The evidence in question? Marijuana.
On Sept. 7, 2013, Deputy Jasen Hatfield made a traffic stop in Fairfield, according to the reprimand. He pulled over and arrested Robert Van Skaik on charges of operating a vehicle while intoxicated. Hatfield violated the Butler County Sheriff's Office Rules of Conduct because he did not turn the marijuana over into evidence, the reprimand said.
"During the stop Mr. Van Skaik relinquished a plastic bag containing green vegetation that he stated was marijuana. You failed to report the contraband and did not submit it to the property room for destruction," the reprimand states.
The reprimand written by Lt.

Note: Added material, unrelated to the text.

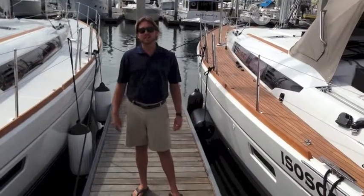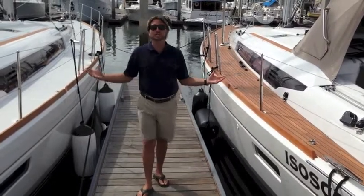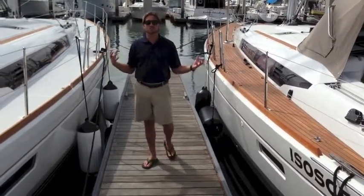Hi, my name is Ian Van Tile. We're here between two 509s that I've sold, and I want to show you some of the differences between the two products.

John Sons, since promoted to captain, continued, "You discarded the contraband yourself."
How, exactly, Hatfield discarded the marijuana isn't disclosed in the report.

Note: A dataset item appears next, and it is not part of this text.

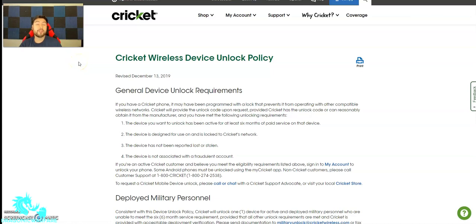Hey guys, welcome back to another quick inform video. In today's video, we're talking about how to unlock a Cricket phone from Cricket Wireless that's locked to Cricket Wireless's network.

Additionally, Sons explained to Hatfield that he had violated the office's policies according to the report.
"Continued conduct of this nature cannot and will not be tolerated by this Office and further violations may be cause for more severe action against you up to and including termination," wrote Sons.
The document recently obtained by WCPO comes after Hatfield and now retired deputy Mike Brockman are being sued in a separate case for withholding and tampering with evidence. Sheriff Richard Jones is also named in that suit.
In that case, Hatfield pulled over Kevin Gray and Christopher Ebbing on Dec. 12, 2014. Hatfield claimed that Gray had made an irregular turn on State Route 128 near Hamilton and was later swerving inside his lane of travel.
Deputy Hatfield is the same deputy Butler County Prosecutor Mike Gmoser called "rogue" in a letter to Jones. Gmoser has accused Hatfield of adding extra charges against suspects in order to make more overtime for his court appearances.
The night of the traffic stop, Hatfield claims he walked up to Gray, who had rolled down his window and smelled the strong odor of alcohol coming from the car, according to the federal lawsuit.
Hatfield says he then noticed Gray's passenger, Ebbing, not wearing his seatbelt. Hatfield said Ebbing wouldn't produce his ID and resisted Hatfield's attempts to get him out of the car, according to the suit.
The lawsuit says both Gray and Ebbing dispute that account and say Hatfield went up to the passenger side of the car first and immediately began dragging Ebbing out. After the initial stop, Corporal Mike Brockman arrived on scene, the suit says.
Gray requested any video recorded that night. Hatfield, Brockman and the Butler County Sheriff's Office all denied there was ever a dash cam recording.
Those claims were false, the federal lawsuit says.
In fact, it wasn't until Gray's trial for OVI that Brockman produced a dash cam tape. He had a dash camera and kept the tapes, he testified, in his basement. However, when it was played in court more than six minutes were missing from it.
The Butler County Sheriff's Office isn't commenting about Hatfield citing the pending litigation.
The dash cam case is set for trial in federal court in January.